Fitch downgrades US debt on debt ceiling drama and Jan. 6 insurrection

The credit rating agency Fitch Ratings downgraded the United States' debt rating on Tuesday from the highest AAA rating to AA+, citing "a steady deterioration in standards of governance."

Fitch downgrades US debt on debt ceiling drama and Jan. 6 insurrection


Fitch Ratings has downgraded the US debt rating from AAA to AA+ citing a'steady deterioration of standards of governance'.

This downgrade came after lawmakers had negotiated until the very last minute to reach a deal on the debt ceiling earlier this year. They risked the first default of the country. The January 6 uprising was also a significant factor.

CNN reported that representatives of Fitch Ratings raised the 6th January insurrection repeatedly during a meeting with officials from the Biden administration. They emphasized the importance of the event for US governance. In their full report, the credit agency didn't mention the insurrection.

CNN's comment request to Fitch was not immediately responded to.

The US debt was long considered to be the safest and most reliable of all safe havens. However, Tuesday's downgrade suggests that its shine has diminished. The downgrade could have a ripple effect on everything from mortgage rates Americans pay to contracts all over the world.

This could lead to investors selling US Treasuries and a rise in yields, which are used as a reference for the interest rates of a wide range of loans.

Fitch cited a number of reasons for its downgrade. These included 'an expected fiscal decline over the next three to five years, an increasing general government debt load, and a lack of effective governance in comparison to peers rated 'AA' or 'AAA,' which has been manifested by repeated debt ceiling standoffs, and last-minute solutions.

Fitch stated that the decision was not just due to the latest standoff over the debt ceiling, but also because of a'steady deterioration' in governance standards during the past 20 years regarding 'fiscal matters' and 'debt issues'.

Democrats react to the downgrade

Biden Administration officials protested the ratings reduction.

Janet Yellen, Treasury Secretary, said in a Tuesday statement that she "strongly disagreed" with Fitch's decision. The change announced by Fitch Ratings today is arbitrary, and based upon outdated data.

Karine Jean-Pierre, White House Press Secretary, said in a press release that "we strongly disagree with the decision" and cited concerns similar to those raised about Fitch’s modeling.

She added that the extreme actions of Republican officials, from cheerleading default to undermining democracy and governance, and even extending deficit-busting tax breaks for corporations and the wealthy, are a constant threat to our economy.

Senate Majority leader Chuck Schumer has blamed House Republicans on the downgrade. He said in a statement that the'reckless brinksmanship' and 'flirting with default' had negative consequences for this country.

The spokesperson for House Speaker Kevin McCarthy didn't immediately respond to requests for comment about Fitch downgrading the rating.

S&P was the last major rating agency to downgrade US debt in 2011. In both cases the limits were only raised after lengthy negotiations.

The S&P decision had a huge impact on the market, resulting in steep stock market drops and rising bond yields.

Since 1917, Moody's Investors Service assigned the United States an AAA credit rating.
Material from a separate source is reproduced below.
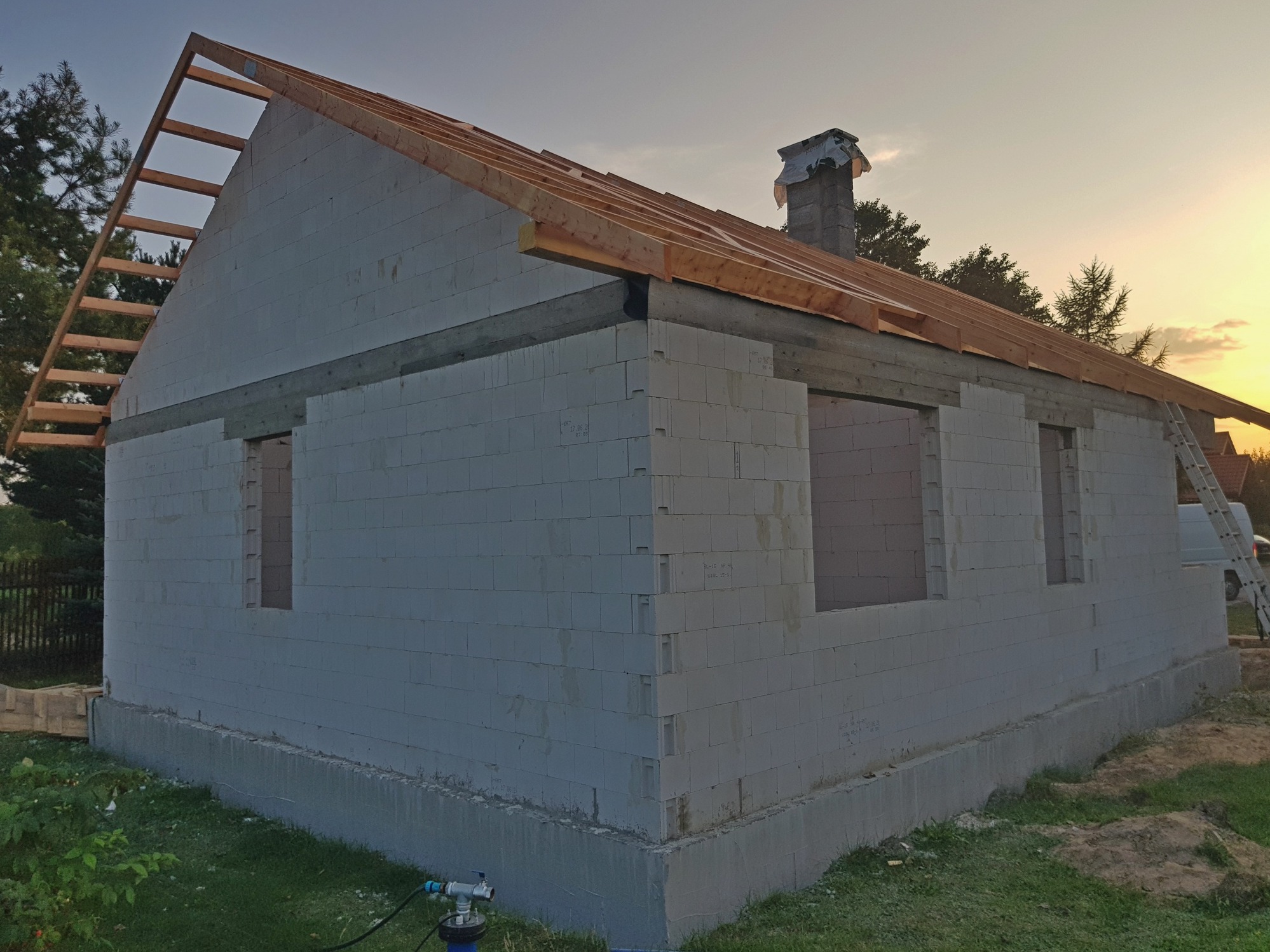 Surowy stan domu z betonu komórkowego w trakcie budowy, widoczne niezadaszone okna, komin z zabezpieczeniem, częściowo zamontowana więźba dachowa, drabina oparta o ścianę, trawa i drzewa w tle, wąż...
The new Fitch credit rating places the country on par with Austria, Finland and Germany but below Switzerland.

S&P maintained its AA+ ratings on the US following the 2011 downgrade, while Moody's kept its AAA ratings.
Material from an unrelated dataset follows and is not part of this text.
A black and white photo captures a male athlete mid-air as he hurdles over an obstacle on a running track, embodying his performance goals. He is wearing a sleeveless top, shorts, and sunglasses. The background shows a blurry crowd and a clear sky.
A senior administration official declined to speculate on whether or not other major credit agencies will follow Fitch’s lead, but did note that Fitch is the only agency to place the US under a negative rating.

Fitch did not respond immediately to CNN's requests for comment regarding the Biden Administration official's accusations that Fitch's modeling is flawed

The markets were largely unaffected by Fitch’s downgrade of the US credit rating in Tuesday’s after-hours trading.

Dow Jones Industrial Average futures, S&P500 and Nasdaq 100 futures all fell by less than 1 percent following the announcement.

Larry Summers, former Treasury Secretary, said Fitch's decisions were 'bizarre' and 'inept', especially as the US economy looks stronger than anticipated', he wrote in a tweet, now known as X.